Another Train Wreck Wrecks China Markets Today

On Wednesday in China- last night for us, there was a subway accident injuring 271 people. It happened right in Shanghai’s financial district, so the markets in china naturally sold off.

The Shanghai A shares were off .95%, and the B shares off .17%. These indexes just continue bumping along the bottom at about the lows of 2010.

In Shanghai, 13 stations slowed their trains, and Line 10 closed. Special buses were brought in by the government to move people. Rail stocks of all sorts were clobbered in both Hong Kong and China trading.

In other China news:

  • Senior China officials were out yesterday stating China GDP growth would hit 9% this year. Lu Ahonguyan, deputy director for the State Economic research center, said there was no need to worry about a hard landing for the Chinese economy. Lu said the global slow down will help China contain rising prices and readjust the country’s economic structure.
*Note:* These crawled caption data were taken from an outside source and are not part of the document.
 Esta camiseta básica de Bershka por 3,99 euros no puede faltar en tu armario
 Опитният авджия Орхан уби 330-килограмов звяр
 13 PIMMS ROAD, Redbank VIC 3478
  • Allan Liu, manager of the Fidelity Southeast Asia fund, revealed his favorite consumer stock picks for China. He is extremely bullish on Baidu (BIDU), and Sina Corp (SINA)- Bidu is the China equivalent of Google- Sina is a bit more like a functional Yahoo!. He also likes Hyundai Motors and Kia Motors. Fund manager Paul Winborne of JO Hambro Capital Management likes Sun Art Retail, China Mengui Dairy, Golden Eagle, Hengan Inernational, and Baidu.

That’s all for today.

 

 

 

Another Ugly Week is Likely for China Stocks

China stocks were down again in Monday trading. The Shanghai A shares were off 1.66%, and the B shares off 2.52%. We are now approaching the summer lows of 2010, which was the beginning of a nice move to the upside in China stocks.

The sentiment is largely negative on the global outlook in China. The only bright spot I could find in any of the commentary on China is the possibility the Chinese policy makers might be able to stop raising interest and tightening lending requirements.
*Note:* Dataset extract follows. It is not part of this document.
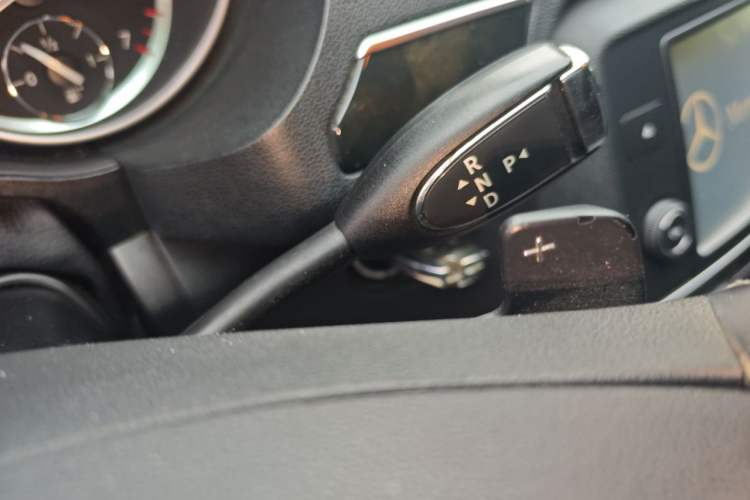 Used Mercedes-Benz R-Class 2017 R 320 4MATIC Business Edition Prestige Model Gear Lever
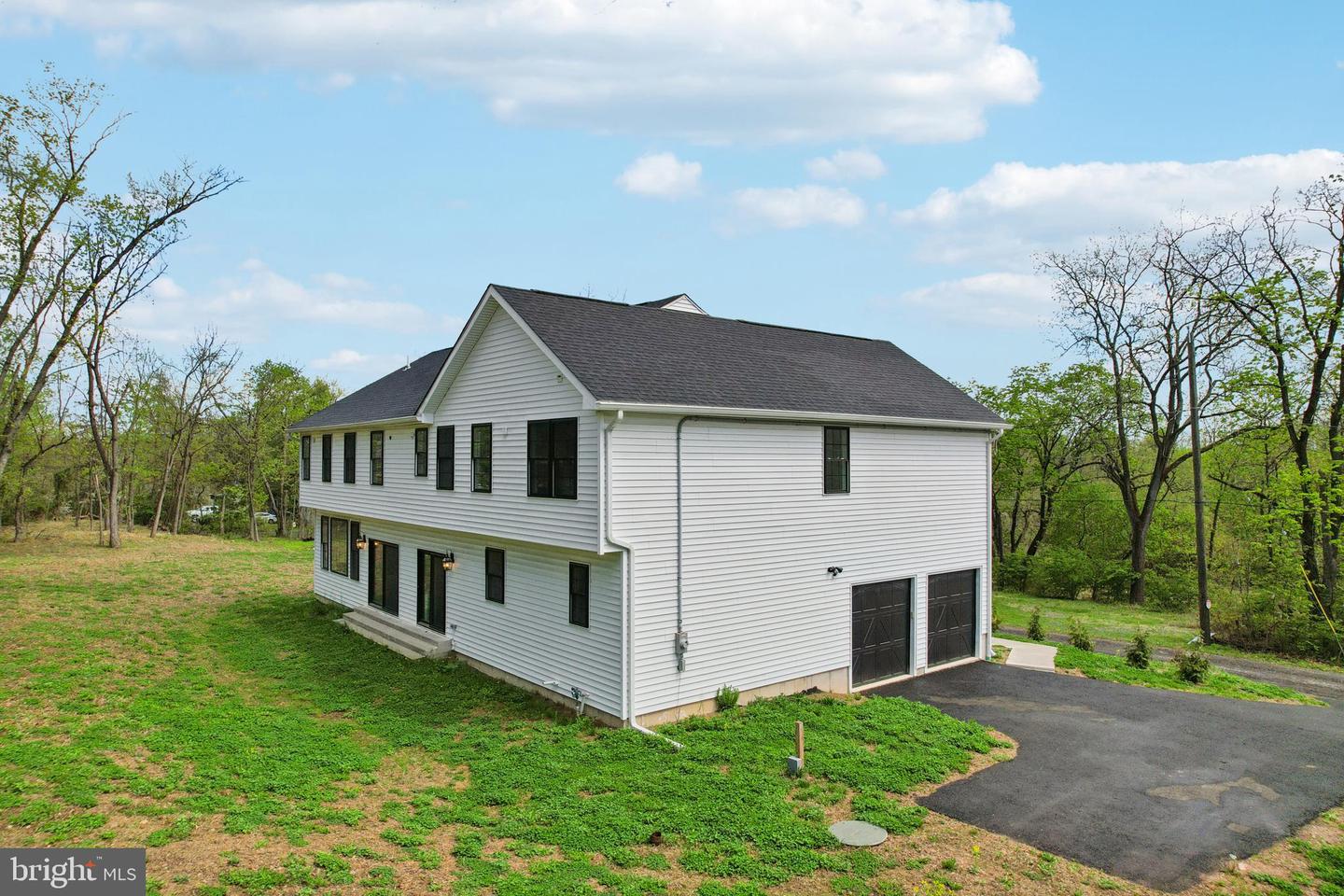 2627 County Line Rd, Chalfont, PA 18914 photo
Morgan Stanley continues to invest in the Asia mega caps as they are finding the dividends attractive, and feel they are getting paid to hold those stocks. MS Asia forecasts the MSCI Taiwan index may rise 32% in the next two years based on earnings and dividends.
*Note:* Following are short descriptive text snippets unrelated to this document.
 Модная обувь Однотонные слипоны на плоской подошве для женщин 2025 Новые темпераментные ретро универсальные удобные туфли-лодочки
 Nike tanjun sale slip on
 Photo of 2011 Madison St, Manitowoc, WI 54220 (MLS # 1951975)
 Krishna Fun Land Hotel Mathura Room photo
On the “Interesting” front, the first “Gold Vending Machine” in the world has been installed in Beijing. Shoppers in the popular Wangfuijing Street can put cash or a bank card in a vending machine to withdraw gold bars or coins.

Very interesting.

 

Wow: The Perfect Storm, And China Stocks Crushed

What an ugly day. China stocks are being absolutely crushed today. The news out of China is a “worst case scenario”.

Today is likely to be capitulation day, and I would expect something better next week. September can be an ugly month, and its living up to its reputation.

In over news night there were two items out of China that have fund managers just blowing out of equities today. There was news China’s manufacturing sector slowed for the third month in a row. The HSBC Purchasing Manager’s index for September- and early forecast, showed a reading of 49.9- anything below 50 suggests contraction.

I don’t believe this was a big surprise to the world as this is a measure of exports, and the global slow down is creating less demand.

However, resilient and growing domestic demand is keeping inflation high. Thursday’s data showed rising input costs, which suggests inflation is still strong.

As I said- the perfect storm. You have manufacturing slowing, but you’re not getting the much needed corresponding drop in inflation. This double whammy has the markets reeling.

In overnight trading:

  • The Shanghai A shares were down 2.78%, and the B shares down 2.58%, giving back all the previous day’s huge gains.
  • The IMF cut its forecast for China growth for this year and next. This year was cut to 9.5%, and next year was cut to 9%.
  • Economists in China are still forecasting waning inflation.

That’s enough for today. I’m going to turn off the computer and leave today. I’ll let this market blow its brains out.

Gold is also getting clobbered today, which suggests no one cares about any asset class today.